A manufacturer of commercial heating and air conditioning units in Faribault is so hard-pressed to fill jobs at the booming company that it is considering busing workers from the metro area to its facilities 40 miles south.
Down Interstate 35 in Owatonna, an insurance company is so desperate for new employees that it has invested in a 54-unit downtown apartment building, hoping to attract job candidates.
And in the nearby city of Lonsdale, a local cabinetmaker started purchasing homes to rent to potential employees in the hope of luring them to town.
All across Minnesota, employers are taking steps to address a deepening statewide worker shortage. Job vacancies are near record highs, and the number of unfilled positions now exceeds the number of people looking for work, forcing employers to think outside the box to attract employees.

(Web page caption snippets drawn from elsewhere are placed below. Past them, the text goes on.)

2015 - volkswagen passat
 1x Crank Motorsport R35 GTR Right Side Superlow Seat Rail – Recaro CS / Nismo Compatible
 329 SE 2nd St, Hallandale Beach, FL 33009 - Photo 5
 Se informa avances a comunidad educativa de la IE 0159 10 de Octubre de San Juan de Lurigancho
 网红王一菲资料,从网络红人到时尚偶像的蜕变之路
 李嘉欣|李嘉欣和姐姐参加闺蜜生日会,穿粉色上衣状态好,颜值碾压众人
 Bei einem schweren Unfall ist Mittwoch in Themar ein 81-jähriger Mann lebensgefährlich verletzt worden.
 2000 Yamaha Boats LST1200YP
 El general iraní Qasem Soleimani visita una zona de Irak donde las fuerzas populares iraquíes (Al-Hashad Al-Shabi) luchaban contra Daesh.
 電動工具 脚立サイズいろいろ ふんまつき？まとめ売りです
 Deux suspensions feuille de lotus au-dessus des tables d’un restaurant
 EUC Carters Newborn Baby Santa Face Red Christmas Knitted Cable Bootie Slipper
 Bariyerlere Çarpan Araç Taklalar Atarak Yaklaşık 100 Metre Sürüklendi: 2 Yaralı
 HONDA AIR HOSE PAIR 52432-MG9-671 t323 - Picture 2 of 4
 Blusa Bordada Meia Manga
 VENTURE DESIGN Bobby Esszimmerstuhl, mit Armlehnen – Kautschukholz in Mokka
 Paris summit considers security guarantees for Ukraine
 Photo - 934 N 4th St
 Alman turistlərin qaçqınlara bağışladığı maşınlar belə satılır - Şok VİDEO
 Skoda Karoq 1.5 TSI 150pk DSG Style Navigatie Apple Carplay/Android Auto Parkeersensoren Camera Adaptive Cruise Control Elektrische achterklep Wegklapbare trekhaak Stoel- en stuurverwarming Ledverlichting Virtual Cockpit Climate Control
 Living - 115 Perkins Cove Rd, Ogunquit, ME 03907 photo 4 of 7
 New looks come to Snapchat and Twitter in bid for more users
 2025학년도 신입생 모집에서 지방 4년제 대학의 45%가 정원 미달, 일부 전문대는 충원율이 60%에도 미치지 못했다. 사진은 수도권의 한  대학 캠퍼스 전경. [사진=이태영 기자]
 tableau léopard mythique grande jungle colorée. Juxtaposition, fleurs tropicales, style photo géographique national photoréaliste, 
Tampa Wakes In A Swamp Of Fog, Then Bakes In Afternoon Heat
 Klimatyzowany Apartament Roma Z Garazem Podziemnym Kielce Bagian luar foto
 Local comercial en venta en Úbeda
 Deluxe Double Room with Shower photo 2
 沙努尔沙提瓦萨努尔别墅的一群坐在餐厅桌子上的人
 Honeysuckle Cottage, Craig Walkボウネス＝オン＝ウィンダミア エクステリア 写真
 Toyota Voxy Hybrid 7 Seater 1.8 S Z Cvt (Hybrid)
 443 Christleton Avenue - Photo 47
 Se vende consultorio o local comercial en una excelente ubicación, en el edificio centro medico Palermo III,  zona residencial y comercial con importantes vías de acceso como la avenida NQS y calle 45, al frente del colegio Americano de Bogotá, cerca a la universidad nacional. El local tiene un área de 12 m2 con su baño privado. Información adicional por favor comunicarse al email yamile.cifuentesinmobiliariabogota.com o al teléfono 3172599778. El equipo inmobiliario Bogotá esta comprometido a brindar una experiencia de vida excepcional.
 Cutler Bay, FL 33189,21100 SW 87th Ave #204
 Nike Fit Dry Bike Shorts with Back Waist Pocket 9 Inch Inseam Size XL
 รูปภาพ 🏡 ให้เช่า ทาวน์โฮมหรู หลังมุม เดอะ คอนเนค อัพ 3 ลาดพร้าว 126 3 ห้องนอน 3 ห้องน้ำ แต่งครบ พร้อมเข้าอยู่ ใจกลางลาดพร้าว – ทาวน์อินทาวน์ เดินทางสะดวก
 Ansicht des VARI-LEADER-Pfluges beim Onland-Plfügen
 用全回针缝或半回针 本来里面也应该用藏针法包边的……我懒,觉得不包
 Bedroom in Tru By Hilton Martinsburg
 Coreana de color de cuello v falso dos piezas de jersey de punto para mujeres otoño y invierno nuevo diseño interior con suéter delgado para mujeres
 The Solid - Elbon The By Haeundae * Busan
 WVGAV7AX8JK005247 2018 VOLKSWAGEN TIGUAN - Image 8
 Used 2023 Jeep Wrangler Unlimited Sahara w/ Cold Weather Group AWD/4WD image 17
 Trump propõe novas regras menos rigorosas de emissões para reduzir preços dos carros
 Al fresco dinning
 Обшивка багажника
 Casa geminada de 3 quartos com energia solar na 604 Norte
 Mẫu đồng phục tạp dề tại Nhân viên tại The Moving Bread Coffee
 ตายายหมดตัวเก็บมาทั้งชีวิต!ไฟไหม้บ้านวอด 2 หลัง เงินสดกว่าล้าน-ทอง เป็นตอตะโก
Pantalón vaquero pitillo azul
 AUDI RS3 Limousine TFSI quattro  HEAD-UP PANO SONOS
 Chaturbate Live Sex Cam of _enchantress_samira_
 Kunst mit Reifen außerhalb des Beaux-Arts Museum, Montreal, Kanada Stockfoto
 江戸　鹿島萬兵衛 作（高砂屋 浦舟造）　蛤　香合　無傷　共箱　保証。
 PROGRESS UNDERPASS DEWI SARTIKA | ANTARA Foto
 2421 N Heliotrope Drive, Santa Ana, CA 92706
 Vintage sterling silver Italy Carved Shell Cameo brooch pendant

It’s a good problem to have, economists say, reflecting a robust economy. But the risk? A continuing job shortage could limit the state’s economic growth.
“We used to have a stream of daily applicants, but we’re not seeing that nearly as much,” said Matt Alexejun, senior human resources director at Daikin Applied, the Faribault heating and air conditioning unit manufacturer. “It’s a challenging hiring environment. So we have to look for creative and unique ways to attract talent.”
The worst-case scenario: Businesses leave Minnesota for places with more workers.
“This is the issue of the moment,” said Steve Grove, commissioner of the Minnesota Department of Employment and Economic Development. “Workforce shortages inhibit growth. And economies have to keep growing for wealth to increase. You either increase production through automation or increase it from additional workers and workforce growth. If we don’t do that, expansion will happen elsewhere.”